Miller closes the volume with a brief retrospective on the contents of the papers and the major themes of the conference (pp. 411-24). In particular, he highlights the need to dispense with any simple equations between 'epic' and 'fiction' or between 'history' and 'fact'. On the one hand, many of the contributors do succeed in showing how epic blurs the apparent distinction between fact and fiction; on the other, most of them do not succeed in showing how history also blurs this apparent distinction (cf. my earlier comment on 'history' and 'historicity').
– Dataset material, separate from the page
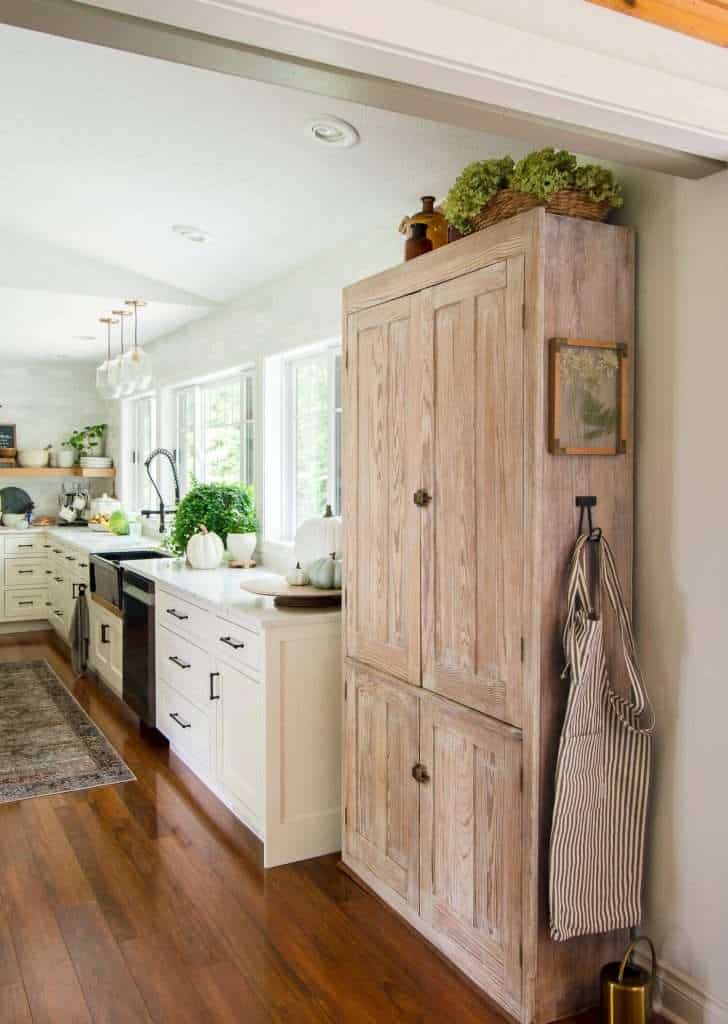 Lightened wood cabinet in a kitchen.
Few scholars today would still include themselves in the 'our' of 'our habit of understanding history as the yield of objective, discoverable fact' (p. 347); even fewer would ascribe to such a false dichotomy as that between 'traditional history' and 'factual history' (p. 351); virtually no one would describe this 'traditional history . . . as an unexamined kind of truth, a subjectivity unto itself' (p. 357). In the end, the question is not 'how historical is the history' (p. 212), since this formulation lapses into mere tautology, and there is no distinction to be made between '"the past as such"' and '"the past as it is remembered"' (p. 99), since 'the past as such' never existed, does not currently exist, and never will exist: we only have 'the past as it is remembered'. The construction of space and time in any given example ofepic or history, accordingly, represents the product of nothing more and nothing less than the evanescent prestidigitation of our own individual and collective memories.
Apart from a number of errors and inconsistencies in orthography and the use of diacritics (for example, pp. 42, 48, 73, 186 n. 6 [on p. 206], 229 n. 20 [on p. 238], 246), as well as a passing reference to 'the year zero' (p. 110), the book is well produced and well bound, but exorbitantly priced.